Bürgermeister Fritz Langen begrüßte die Gäste und lobte das Projekt: „Das, was geschehen ist, enthält eine Botschaft für alle nachkommenden Generationen“, sagte er. Nur so könne man aus dem dunklen Kapitel deutscher Geschichte Lehren ziehen. Nicht zuletzt die Anschläge der rechtsextremen Zwickauer Terrorzelle hätten gezeigt, dass die menschenverachtende Ideologie des Faschismus nicht vollständig gebannt seien.
Die Idee geht auf die Küstenmuseums-Mitarbeiterin Merle Stolze zurück, die im vergangenen Jahr starb. Dass ihr Konzept nun umgesetzt werden kann, freut Tanja Kwiatkowski ganz besonders. „Die Schüler sollen Geschichten vor Ort erleben“, sagte die wissenschaftliche Leiterin des Küstenmuseums.

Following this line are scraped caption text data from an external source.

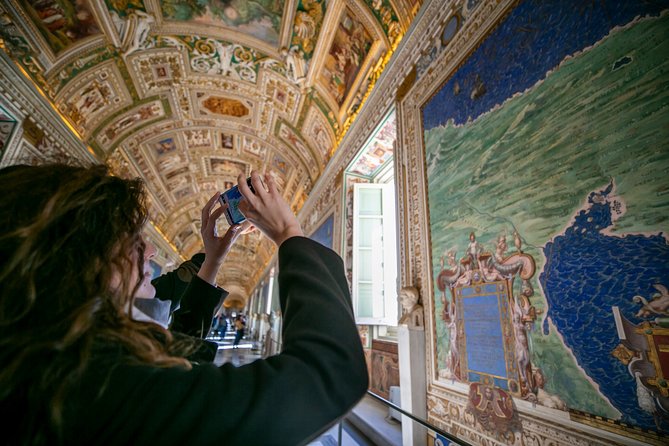 Skip-the-line Vip Private Tour of Vatican Sistine Chapel&Basilica - Finishing in St. Peter’s Square: a strong wrap-up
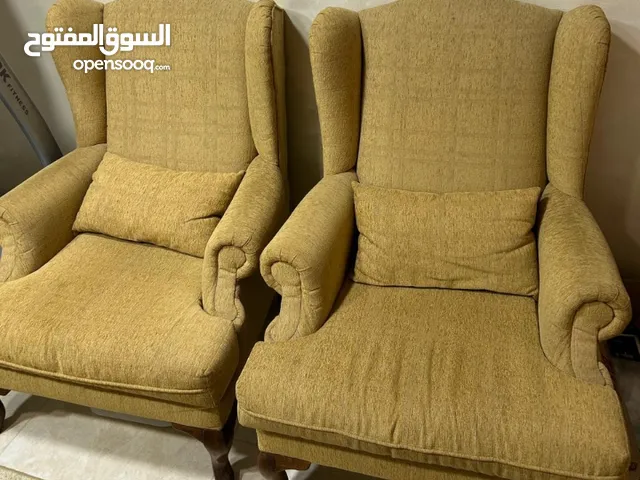طقم كنب في حالة جيدة لغرفة الضيوف او لغرفة المعيشة (الصالون)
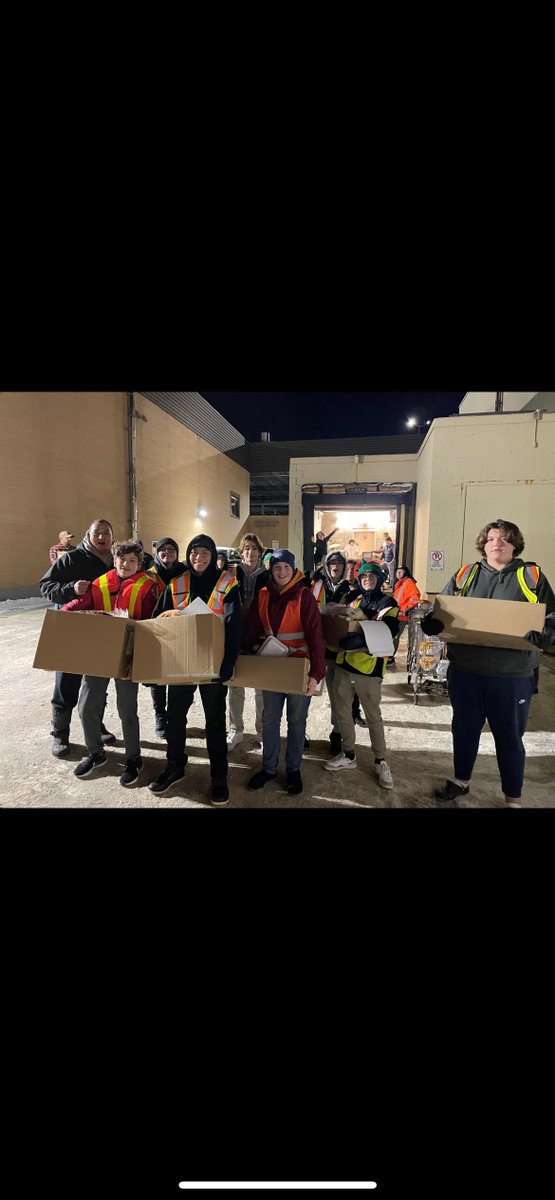 Thank you to our Vincent Massey Football Team for generously donating their time to help out the Christmas Cheer Board!!! #communitysupport #volunteering #vmhsbdn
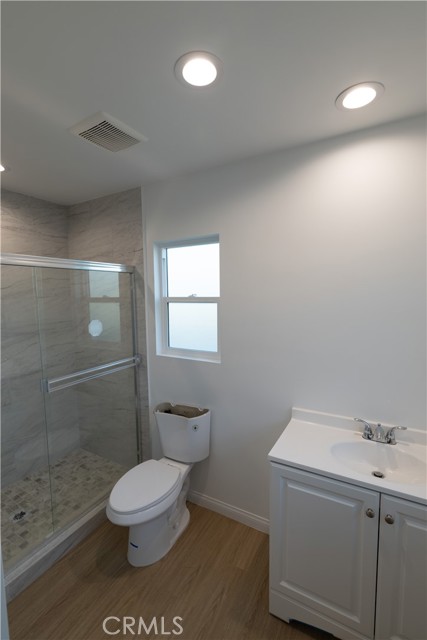 Detail Gallery Image 7 of 12 For 1202 E 3rd St, Santa Ana,  CA 92703 - 2 Beds | 2/1 Baths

Der Wilhelmshavener Verein „Kulturgut“ hat das Projekt mitorganisiert. „Der Kontakt zu Zeitzeugen über ein solches Projekt ist einzigartig und müsste viel mehr jungen Menschen zuteil werden“, sagte Dr. Stephan Kolschen von der Gerd-Möller-Stiftung, die neben der Bürgerstiftung der Sparkasse und der Stiftung „Erinnerung, Verantwortung, Zukunft“ (EVZ) das Projekt finanziell unterstützt.
Die Zeitzeugen nehmen wie selbstverständlich am Projekt teil. Seit vielen Jahren kommen sie nach Wilhelmshaven, um der Opfer des NS-Regimes zu gedenken. „Die heutige Generation, Kinder und Jugendliche, sind für die Gräueltaten der Nationalsozialisten nicht verantwortlich“, sagte Gourlin. Dass sich die Schüler in einem solchen Projekt engagieren, freut die Zeitzeugen.
„Die Schüler werden viel lernen und Geschichte tatkräftig begreifen“, ist IGS-Lehrerin Hildegard Bierbaum überzeugt. Ein Geschichtsbuch könnte das so nicht leisten.